Eine zauberhafte Sommernacht vereinte die Philharmoniker mit ihrer Großfamilie in der Waldbühne

Gibt es eine schönere Art, in die Ferien zu starten, als mit einem großen Fest für Familie und Freunde? Die Philharmoniker erfüllen sich diesen nachahmenswerten Traum jedes Jahr im Juni. Das Fest ist geprägt von Ritualen, die Sir Simon Rattle am späten Sonntagabend ein bisschen selbstironisch, aber sehr sympathisch benannte. „Guess what?“, fragte er das wie üblich sehr begeisterte Publikum. Dann fuhr er mit Miss Sophies Silvester-Satz fort, dem Urtyp aller Rituale: „Same procedure as every year.“ Anschließend gab’s wie jedes Jahr die „Berliner Luft“ , diesmal in einer Art Langfassung, oder erschien das nur so vor dem Hintergrund der immer hingebungsvolleren Mitwirkung der hier versammelten 20 000? „Wir freuen uns, unsere Riesenfamilie jedes Jahr hier zu haben“, sagte Sir Simon auch noch. Und dass bitte niemand vergessen möge, im nächsten Jahr wiederzukommen.

Die Aufforderung war ganz sicher überflüssig. Die Karten sind üblicherweise Monate vorher ausverkauft, denn der Vorverkauf an den Konzertkassen beginnt schon am Ende des Jahres. Glühende Fans informieren sich sowieso ständig auf der Website der Philharmoniker unter www.berliner-philharmoniker.de. Begeisterte Zuschauer einer Übertragung des Konzerts auf einer Leinwand im Sony-Center zeigten, dass es der Riesenfamilie an Nachwuchs nicht mangelt.

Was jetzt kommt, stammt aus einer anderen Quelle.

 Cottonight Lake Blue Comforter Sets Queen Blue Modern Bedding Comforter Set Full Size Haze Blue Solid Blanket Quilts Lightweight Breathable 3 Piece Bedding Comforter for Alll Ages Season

Auch eherne Rituale sind von Jahr zu Jahr leisen Abwandlungen unterzogen, spiegeln in gewisser Weise gesellschaftliche Wirklichkeiten. Eine neue Bescheidenheit, zum Teil auch verordnet, war durchaus erkennbar. Die Zeit der superopulenten Picknicks mit silbernen Kandelabern und Champagnerflaschen ohne Ende ist vorbei. Zum Kühlboxenverbot, das bereits seit einigen Jahren gilt, kam der von manchen Klassikjunkies fast ungläubig in der Schlange vorm Eingang laut vorgelesene Hinweis auf den Eintrittskarten, dass das Mitbringen von Waffen und Getränken verboten sei. In schlichten Rucksäcken schleusten aber doch viele Zuschauer ihre mit Wein gefüllten Thermoskannen ein und natürlich die Tupperdosen mit Käsewürfeln und belegten Baguettescheiben.

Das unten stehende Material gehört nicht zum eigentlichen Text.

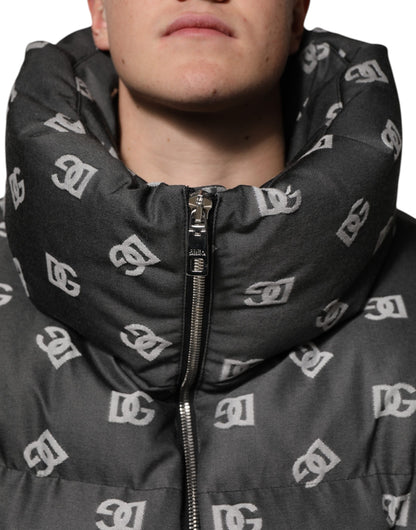 Dolce &amp; Gabbana Schwarze DG-Monogramm-Steppjacke mit durchgehendem Reißverschluss für Herren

Unten in Block D führte ein roter Teppich sogar in ein neues, gut durchgestyltes Waldbühnen-Glamourgefühl hinein. Hier offerierte der „Brandenburger Hof“ seinen Gästen und Kunden in dunkelgrünen Korbtaschen ein professionell zusammengestelltes Picknick. Sogar Gläser und Flaschen waren dabei erlaubt. Mit Lust warfen die Mitarbeiter Tütchen mit hausgemachtem Eis in die Menge.

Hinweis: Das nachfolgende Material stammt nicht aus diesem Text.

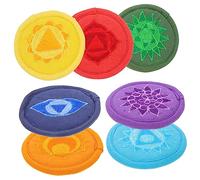 Vaguelly 7pcs Tibetan Singing Bowl Cushions Handcrafted Buddhist Sound Bowl Mats for Meditation Yoga Healing Beautiful Decorative Accessories Colors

Die musikalische „Nuit française“ war sommerlich heiter geprägt. Mit dem „Carnaval romain“ von Hector Berlioz ging es beschwingt los. Ein Höhepunkt war „Le Carnaval des animaux“ von Camille Saint-Saëns in der Fassung für zwei Klaviere und Orchester. Die großartigen Solistinnen Katia und Marielle Labèque schufen Tierbilder aus Noten, verwandelten Gazellen und Kängurus in Klavierklänge und entließen sie lebendig und liebenswert in die Nacht. Mit klarer Sanftheit bewegten sie das Wasser im „Aquarium“. War es wirklich der Kuckuck, der da aus den Tiefen des Waldes rief oder doch die Kunst des Orchesters?

Der Zauber dieser Sommernacht wurde noch verstärkt vom makellosen Wetter, dem ganz sacht verglimmenden Abendhimmel, dessen gelassene Ruhe kaum das gelegentliche Knurren eines in der Ferne vorüberziehenden Flugzeugs zu stören wagte. Es war, als lauschten alle noch konzentrierter als sonst, so dass sich zum Finale des Karnevals der Tiere eine einzelne kleine Maus mitten auf den breiten Weg zwischen den Zuschauerblöcken traute und scheinbar andächtig mitlauschte. Stürmisch bejubelt wurde Maurice Ravels „Boléro“, wie eine Hineinsteigerung in die Vorfreude auf den Sommer. Da hing schon schwer der Duft der Wunderkerzen in der Luft.

Ein Wunder ist auch die Rückfahrt mit der S-Bahn in die Stadt. Es gibt keinen Termin im Jahreslauf, an dem sich einander eigentlich fremde Berliner so oft und so freiwillig zulächeln wie nach diesem Konzert. Es ist nämlich wirklich eine Art Familienereignis.